Material supplied
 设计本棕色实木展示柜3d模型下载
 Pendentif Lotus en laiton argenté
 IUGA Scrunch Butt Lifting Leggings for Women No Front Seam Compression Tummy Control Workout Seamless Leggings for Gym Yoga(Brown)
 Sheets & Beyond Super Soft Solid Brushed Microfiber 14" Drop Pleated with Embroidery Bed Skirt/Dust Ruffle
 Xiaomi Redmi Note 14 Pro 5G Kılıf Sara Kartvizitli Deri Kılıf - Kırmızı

...

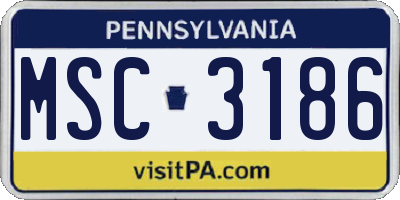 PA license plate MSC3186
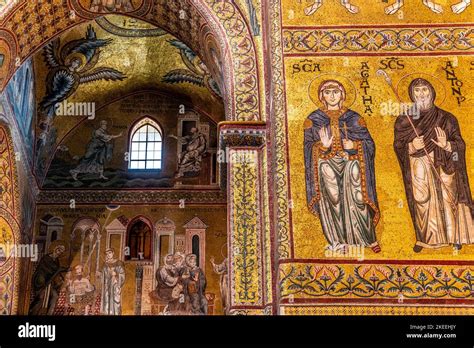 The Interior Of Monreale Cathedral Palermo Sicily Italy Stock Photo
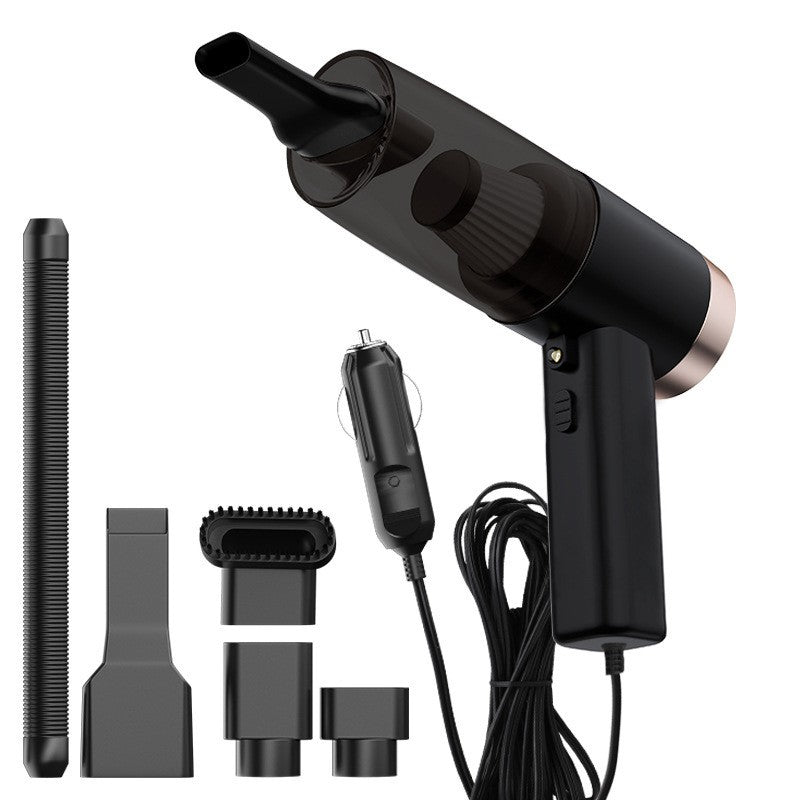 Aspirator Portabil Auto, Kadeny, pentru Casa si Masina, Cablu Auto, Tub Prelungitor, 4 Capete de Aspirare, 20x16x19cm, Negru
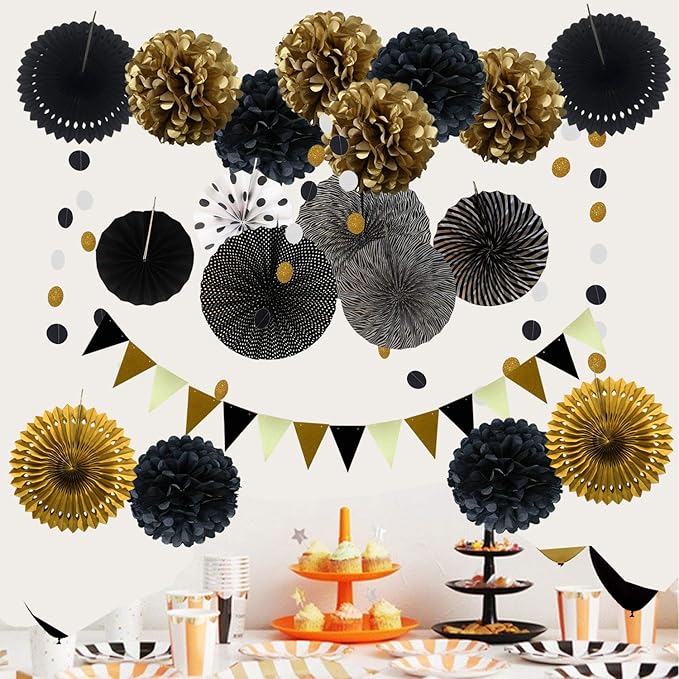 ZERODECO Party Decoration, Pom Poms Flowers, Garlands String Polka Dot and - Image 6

...

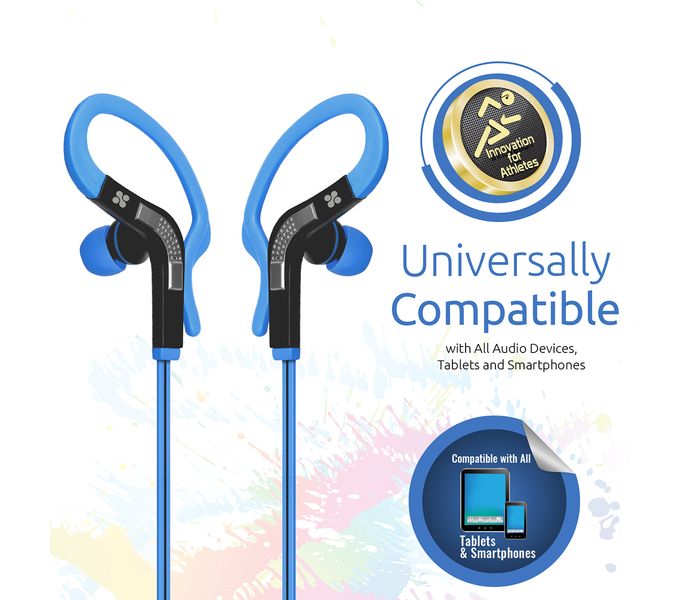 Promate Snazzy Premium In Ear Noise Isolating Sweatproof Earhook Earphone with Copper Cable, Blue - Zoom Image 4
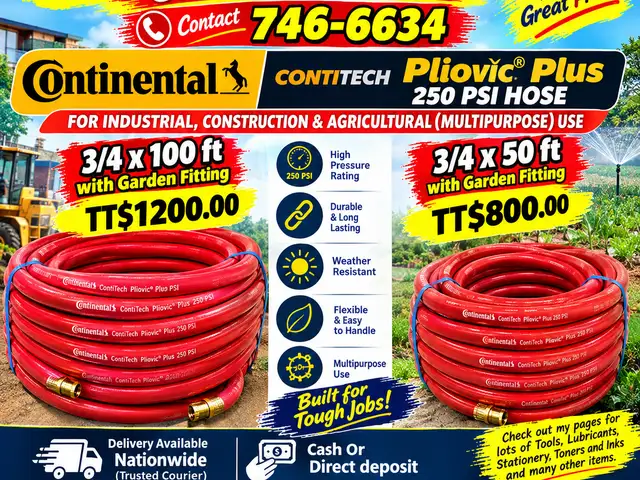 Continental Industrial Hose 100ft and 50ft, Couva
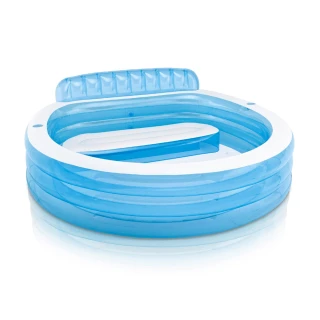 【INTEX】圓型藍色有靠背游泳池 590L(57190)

Exercise requirements
Go back to the listing above. Copy word for word the lines from the one with "Sheets & Beyond" through the one with "Xiaomi Redmi Note", and nothing more.

Output for this task
 Sheets & Beyond Super Soft Solid Brushed Microfiber 14" Drop Pleated with Embroidery Bed Skirt/Dust Ruffle
 Xiaomi Redmi Note 14 Pro 5G Kılıf Sara Kartvizitli Deri Kılıf - Kırmızı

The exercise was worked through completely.